However, something didn't feel right. As soon as I got home, I got on my laptop to make sure the course packet I'd ordered matched my instructor - sure enough, it didn't. I immediately called Abel's Copies, and was told that the course packet I ACTUALLY needed was in stock, and that I could come by and trade my order confirmation for the correct packet.
I made the walk back to Abel's Copies, and, upon receiving the correct packet, learned that it was $25 less than the packet I'd ordered and paid for. The girl behind the counter was unsure of what to do, and got her manager. He (rudely) informed me that there were absolutely no refunds or rebates, and that it was my fault for not knowing my instructor's name. I explained the situation to him, that I had been in the store less than an hour before, that I had been misinformed by the employees, and that I hadn't actually bought a packet, only ordered one, but he wouldn't budge. I asked him if I could have the number of his supervisor, but he told me that he couldn't give it to me; the only way I could get into contact with him was if I left MY number, and he called me. Knowing that I'd probably never hear back from him, I left my name and number and left the store out $25 but with the correct packet.
Is there anything else I can do? To the store's credit, there were many signs posted that read "NO REFUNDS," but does my situation count as a refund, as I never received what I had originally paid for?
Don't be scared by Abel's sign. It's just a piece of paper. It may be laminated, but that doesn't change anything. You could make signs too if you wanted and they'd mean just as much. You should not have to pay for the store's mistake.
You're a college student, so we're going to assume you have at least one credit card, and hopefully you used it to pay for the course packet. Call your credit card company and explain that you were overcharged and that you would like to chargeback the difference. Since it's a small amount they may not even need to contact Abel's to resolve the dispute.
And next time you need a course packet, double-check the professor's name and don't go back to Abel's!
RELATED: What Is A Chargeback?
(Photo: Spidra Webster)
Post a comment
Comments:
I always hated it when professors issued specialized texts that could only be purchased at a specific location.
I also always hate it when people initiate chargebacks for purchasing the wrong item in the first place. I don't think it's Abel's responsibility to know who a student's professors are, especially being an off-campus (and thus probably unaffiliated with the university) business. They seemed accommodating by allowing David to exchange packets after discovering the packet he ordered wasn't the correct one.
I would tell them that I'm speaking with the professor in charge of planning the course about the issue.
The professors who are in charge of planning the course hold a lot of weight at these places because they decide where it gets printed.

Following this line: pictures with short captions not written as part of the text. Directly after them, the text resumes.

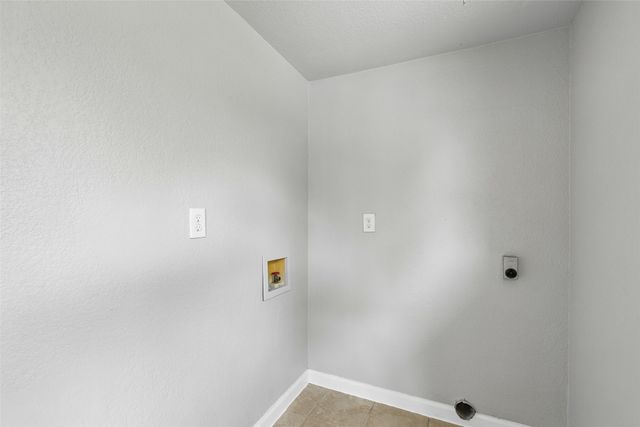 717 NW 6th Street, Grand Prairie, TX 75050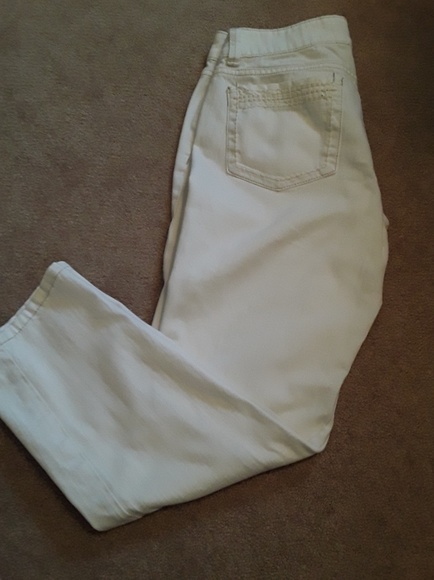 White Crop Jeans - Picture 2 of 4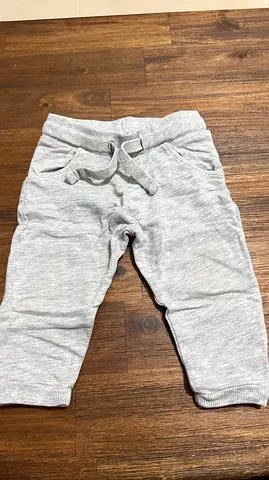 Baby juniors set of pants, size 6-9. ALL for 15 dhs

They wouldn't like the idea of their future business being jeopardized ... and even if they still don't budge after the namedropping, maybe a call from the professor in question can change their mind.
I would make sure that the instructor knows what happens - don't pester them to help but if you tell them you wanted to make them aware, I bet they'll offer to help.
Obviously you don't want to drive the teacher nuts with details but I suspect they don't want to be giving all their course pak business to some store that is being difficult.
We have several family members and close friends who are tenured college professors and they would want to know, especially in this economy if their students were getting screwed over.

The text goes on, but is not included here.